[[ ENTRIES PROVIDED, beginning ]]

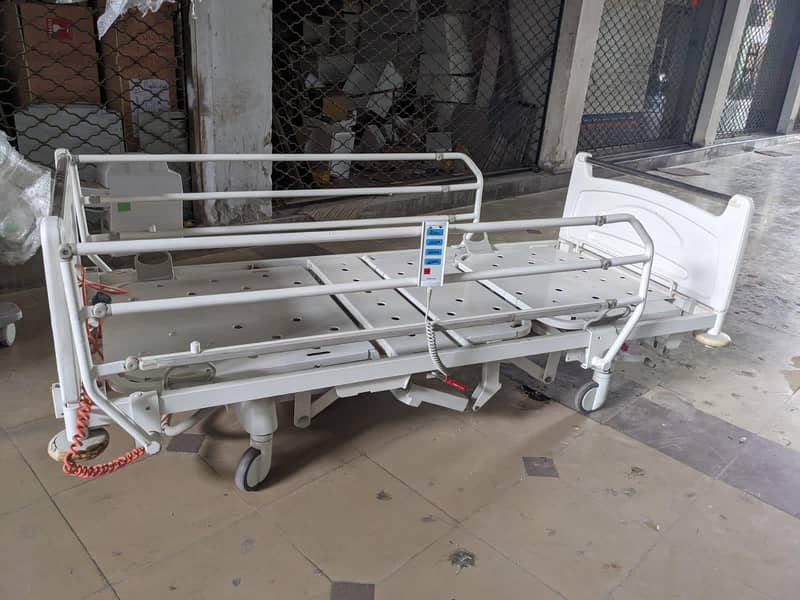 Foldable Bed For Patients 1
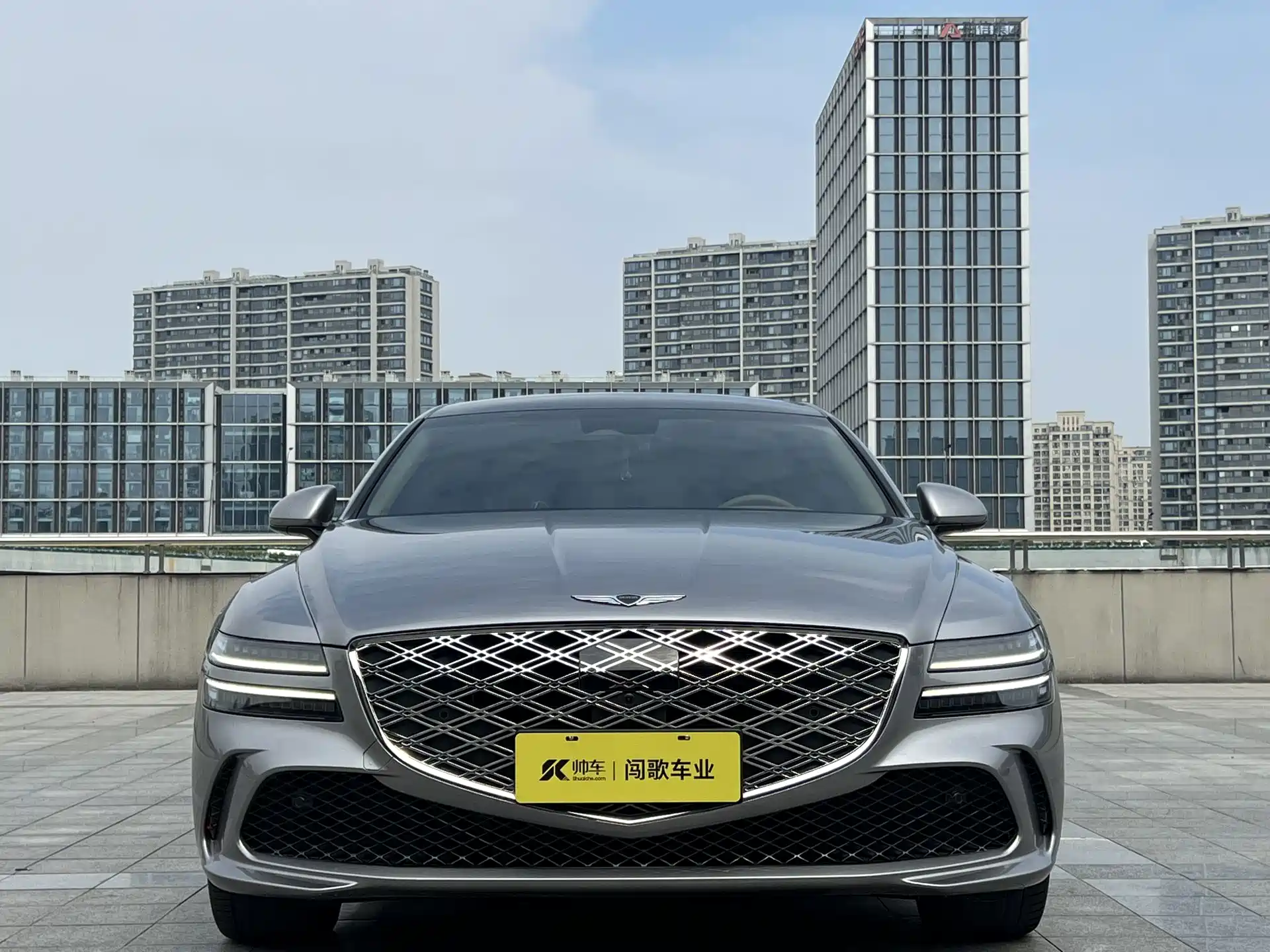 Фото 2 - Genesis G80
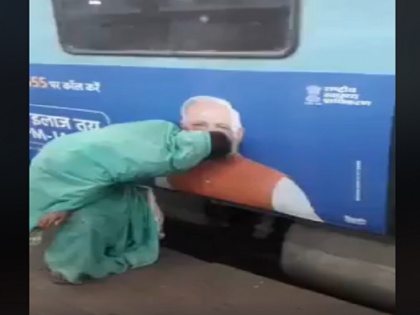 women kissing pm narendra modi viral video on tik tok facebook and twitter | रेलवे स्टेशन पर पीएम मोदी की तस्वीर को चूमने लगी महिला, सोशल मीडिया पर वीडियो वायरल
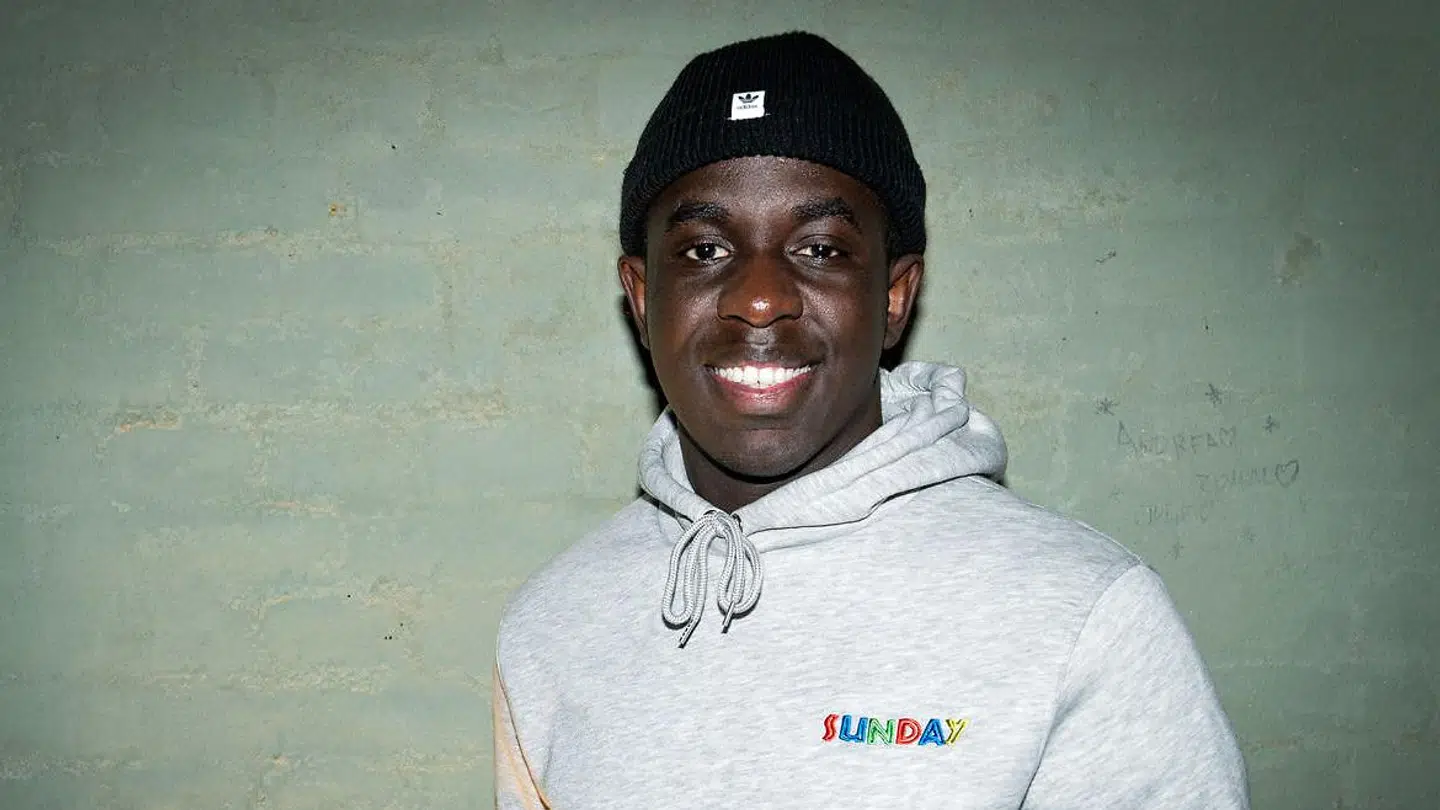 Komiker Melvin Kakooza har fået fjernet en godartet hjernetumor.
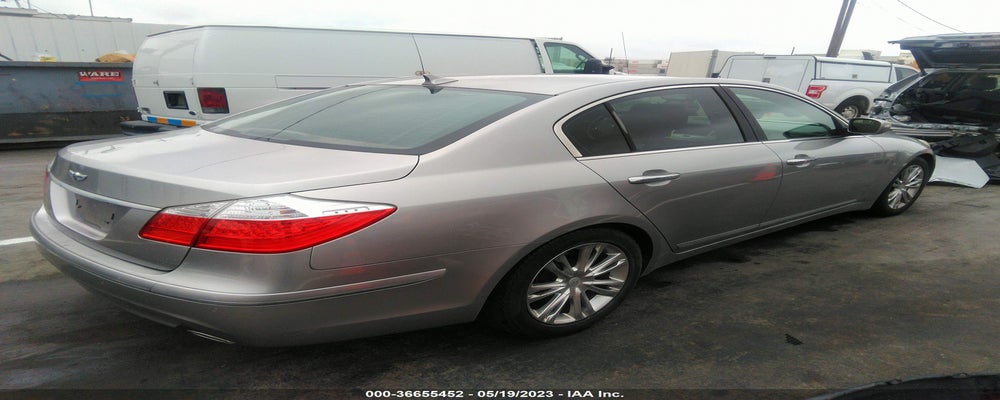 KMHGC4DF9BU116235 2011 HYUNDAI GENESIS photo no. 4
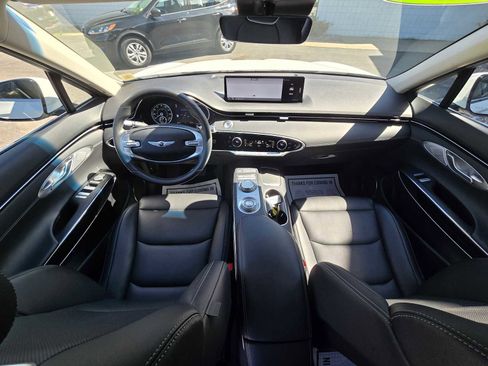 Used 2025 Genesis GV70 2.5T AWD/4WD image 17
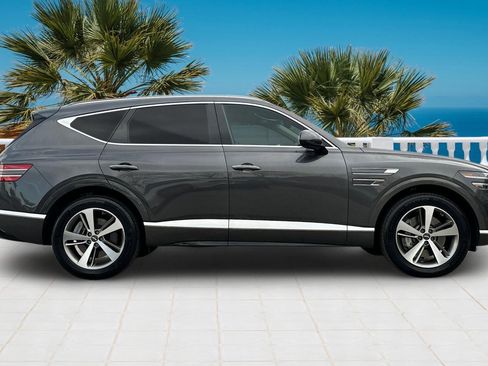 Used 2023 Genesis GV80 3.5T Advanced + w/ Cargo Package image 4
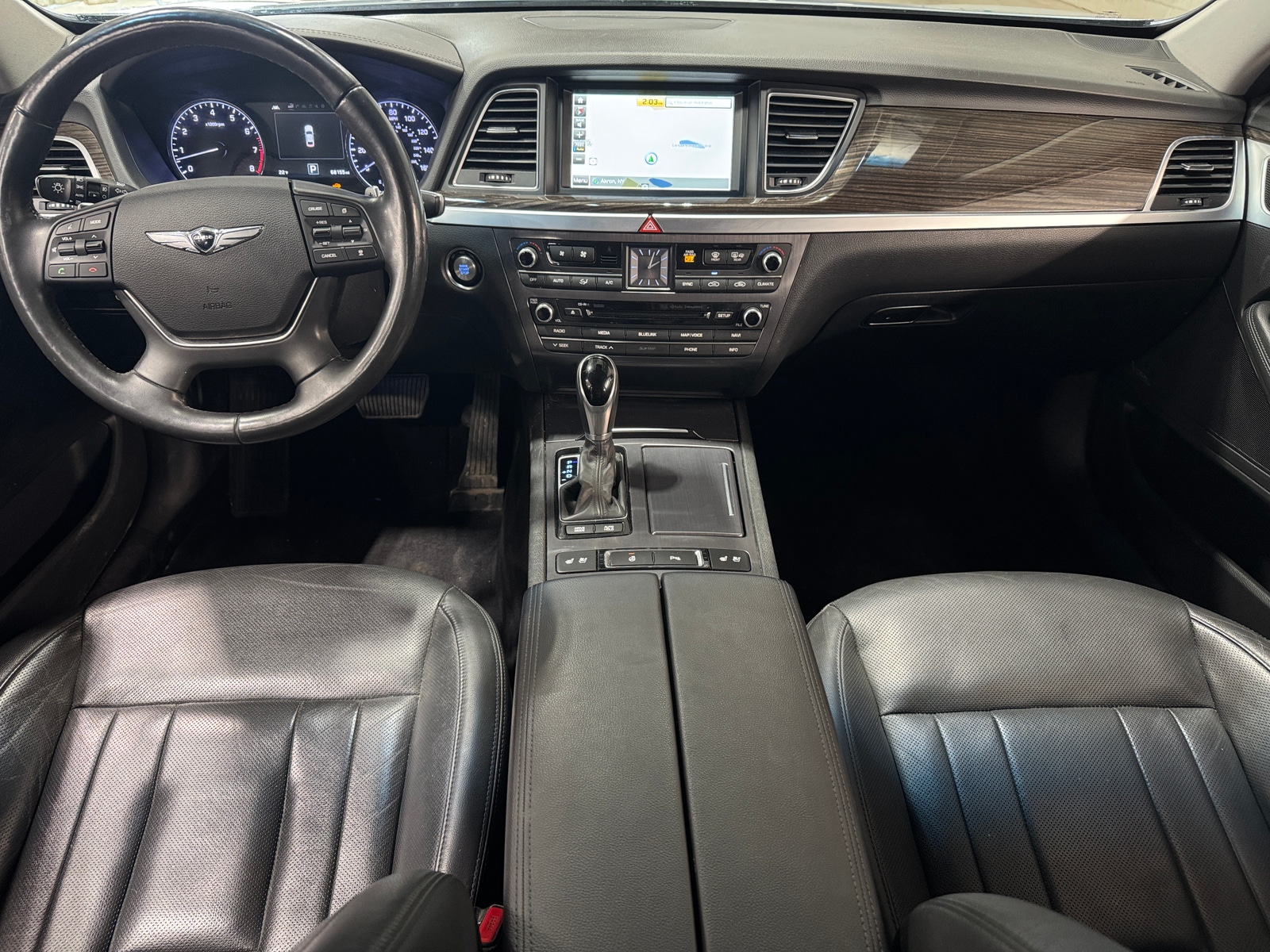 Thumbnail: 2017 Genesis G80 - 3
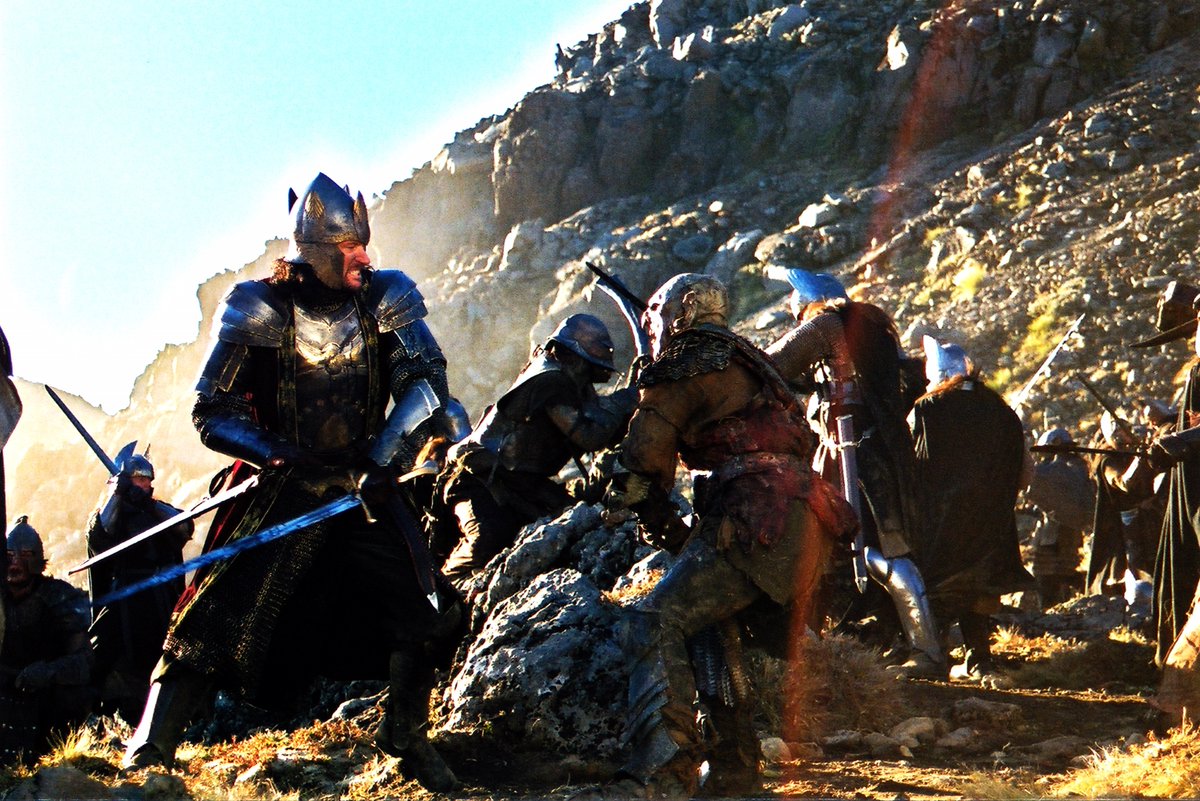 EruThingol's tweet photo. 🚨🚨🚨
Por el 25 aniversario se han revelado nuevas imágenes del legendario prólogo del señor de los anillos tratando la guerra de la ultima alianza. https://t.co/dDF0RNmNhP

[[ ENTRIES PROVIDED, end ]]

Leaving the pictures out, reproduce the entries above exactly.

 Foldable Bed For Patients 1
 Фото 2 - Genesis G80
 women kissing pm narendra modi viral video on tik tok facebook and twitter | रेलवे स्टेशन पर पीएम मोदी की तस्वीर को चूमने लगी महिला, सोशल मीडिया पर वीडियो वायरल
 Komiker Melvin Kakooza har fået fjernet en godartet hjernetumor.
 KMHGC4DF9BU116235 2011 HYUNDAI GENESIS photo no. 4
 Used 2025 Genesis GV70 2.5T AWD/4WD image 17
 Used 2023 Genesis GV80 3.5T Advanced + w/ Cargo Package image 4
 Thumbnail: 2017 Genesis G80 - 3
 EruThingol's tweet photo. 🚨🚨🚨
Por el 25 aniversario se han revelado nuevas imágenes del legendario prólogo del señor de los anillos tratando la guerra de la ultima alianza. https://t.co/dDF0RNmNhP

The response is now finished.